Several related factors underlie the region’s chronic instability. One is underdevelopment. While oil has made a few presidents and princes staggeringly rich, the rest of the population has received little benefit.
The region’s protest politics also reflects growing rejection of dictatorship and arbitrary rule. Despite the lack of a tradition of open dissent, globalisation has made it plain to all that economic development requires regime change.
Finally, political Islam is common to all of the region’s conflicts, and should not be viewed in isolation from these countries’ economic woes. Simply put, Islam – practised by nearly one-quarter of humanity – missed its development take-off.
There are no easy ways out of underdevelopment without challenging traditional lifestyles, customs and social relations. Indeed, religions do not resist the pressures of economic change well.
For Jews, the diaspora allowed development in the absence of a homeland, with civil emancipation in Europe giving rise to reformist movements aimed at reconciling faith and modernity. Christians, whether Catholic or Orthodox, blocked economic development for centuries until internal reformists redefined theological positions on money and banking, the nature of progress, and science and technology. Religious reform gave rise to global capitalism.

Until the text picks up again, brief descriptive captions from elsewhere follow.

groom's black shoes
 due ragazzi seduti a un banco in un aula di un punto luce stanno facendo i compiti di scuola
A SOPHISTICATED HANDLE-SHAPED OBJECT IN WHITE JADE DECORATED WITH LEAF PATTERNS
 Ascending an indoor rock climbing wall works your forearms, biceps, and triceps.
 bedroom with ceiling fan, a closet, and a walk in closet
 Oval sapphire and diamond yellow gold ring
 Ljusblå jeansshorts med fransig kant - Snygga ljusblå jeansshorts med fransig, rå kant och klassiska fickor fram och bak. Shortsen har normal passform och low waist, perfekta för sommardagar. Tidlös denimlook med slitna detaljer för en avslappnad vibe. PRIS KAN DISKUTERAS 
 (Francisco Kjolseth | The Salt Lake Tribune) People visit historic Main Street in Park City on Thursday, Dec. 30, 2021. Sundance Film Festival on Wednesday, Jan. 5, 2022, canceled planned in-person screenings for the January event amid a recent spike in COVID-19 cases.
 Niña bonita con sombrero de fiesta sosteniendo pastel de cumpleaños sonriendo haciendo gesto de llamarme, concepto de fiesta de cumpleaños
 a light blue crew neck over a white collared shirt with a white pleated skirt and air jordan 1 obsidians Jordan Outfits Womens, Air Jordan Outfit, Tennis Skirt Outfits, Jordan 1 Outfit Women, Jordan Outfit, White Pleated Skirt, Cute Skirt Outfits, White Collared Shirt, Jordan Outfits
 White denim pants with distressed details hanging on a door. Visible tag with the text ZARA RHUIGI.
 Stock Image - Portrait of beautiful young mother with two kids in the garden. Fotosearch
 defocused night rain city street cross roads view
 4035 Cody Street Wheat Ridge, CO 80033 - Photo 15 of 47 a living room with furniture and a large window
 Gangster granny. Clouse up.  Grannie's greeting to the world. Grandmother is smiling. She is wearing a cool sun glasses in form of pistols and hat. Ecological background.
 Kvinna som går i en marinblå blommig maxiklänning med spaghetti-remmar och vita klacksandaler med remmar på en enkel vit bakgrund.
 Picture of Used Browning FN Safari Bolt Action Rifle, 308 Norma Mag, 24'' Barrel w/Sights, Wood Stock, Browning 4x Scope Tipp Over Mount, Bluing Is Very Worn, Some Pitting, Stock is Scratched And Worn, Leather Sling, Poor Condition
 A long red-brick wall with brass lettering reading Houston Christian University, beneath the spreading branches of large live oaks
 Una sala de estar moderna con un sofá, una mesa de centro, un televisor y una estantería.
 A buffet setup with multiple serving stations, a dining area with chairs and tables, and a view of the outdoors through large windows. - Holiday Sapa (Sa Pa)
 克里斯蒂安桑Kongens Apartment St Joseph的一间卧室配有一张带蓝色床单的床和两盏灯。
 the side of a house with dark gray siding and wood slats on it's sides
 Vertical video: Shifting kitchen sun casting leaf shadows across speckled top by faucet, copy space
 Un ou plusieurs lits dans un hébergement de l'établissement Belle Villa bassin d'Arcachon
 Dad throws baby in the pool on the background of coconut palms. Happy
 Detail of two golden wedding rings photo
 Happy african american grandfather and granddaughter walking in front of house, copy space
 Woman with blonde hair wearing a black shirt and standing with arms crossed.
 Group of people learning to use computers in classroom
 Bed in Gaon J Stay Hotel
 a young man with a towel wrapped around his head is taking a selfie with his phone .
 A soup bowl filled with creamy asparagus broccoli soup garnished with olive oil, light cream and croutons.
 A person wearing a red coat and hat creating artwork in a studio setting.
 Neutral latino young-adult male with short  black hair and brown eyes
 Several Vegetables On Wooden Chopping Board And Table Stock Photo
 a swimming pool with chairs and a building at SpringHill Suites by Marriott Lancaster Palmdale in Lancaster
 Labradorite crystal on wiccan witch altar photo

This dynamic extends even to atheist China. Communism, a perfect secular simulacrum of religion, has been the primary victim of development since China launched its market reforms in 1979.
But everywhere in the Arab world reformists have been jailed, killed or marginalised.
In the absence of an analogue to the West’s Industrial Revolution, Muslims (and especially Arabs) have faced multiple humiliations and partial colonisation over the past two centuries. The resulting legacy of grievance, shame and anger is part of what underpins the region’s current malaise. Indeed, some of the street demonstrations leave no doubt that many people are moving away from religion altogether. This is as visible in Egypt and Tunisia as it is in non-Arab Turkey. But the grim reality for the Islamic world is that, in times of widespread uncertainty, the forces of tradition tend to speak more loudly and clearly than those of change.
Peace in this vital region can prevail only if its countries manage to protect themselves from ideological extremes and political excesses. The importance of this should be abundantly clear to westerners, whose modern civilisation grew out of religious dissent that was initially met by the violence of the Inquisition and the counter-Reformation. If Islam is on a similar trajectory, long-term instability in the region is all but assured. Mutual understanding is the only way to moderate the consequences.
• Michel Rocard is a former first secretary of the French Socialist Party, an MEP, and was prime minster of France, 1988-1991.